5. Incremental Is Best: People often fail because they ask for too much all at once. They take steps that are too big.

6. Trade Things You Value Unequally: All people value things unequally. First find out what each party cares and doesn’t care about, big and small, tangible and intangible, in teh deal or outside the deal, rational and emotional.

7. Find Their Standards: What are their policies, exceptions to policies, precendents, past statements, ways they make decisions? Use these to get more.

8. Be Transparent and Constructive, Not Manipulative: This is one of the biggest differences between Getting More and the conventional wisdom. Don’t decieve people.

9. Always Communicate, State the Obvious, Frame the Vision: Most failed negotiations are cause by bad communication, or none at all.

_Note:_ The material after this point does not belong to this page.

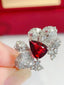 14K GOLD 1.64 CTW VIVID RED NATURAL RUBY & DIAMOND RING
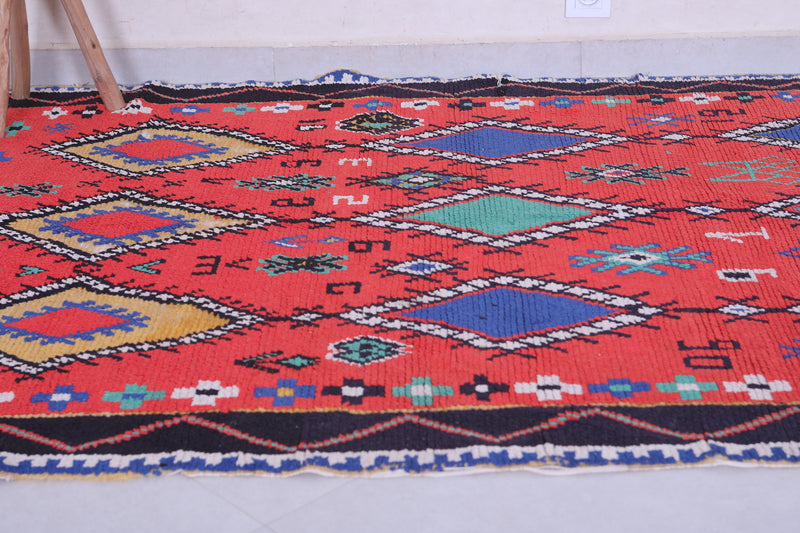 Colorful handmade berber red rug 4.6 X 5.9 Feet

10. Find the Real Problem and Make It an Opportunity: Few people find or fix the real, underlying problem in negotiations. Ask, “What is really preventing me from meeting my goals?”

11. Embrace Difference: Most people think different is worse, risky, annoying, uncomfortable. But different is actually demonstrably better: more profitable, more creative.

12. Prepare - Make a List and Practice with It: The List is like a pantry, from which you choose items for every meal.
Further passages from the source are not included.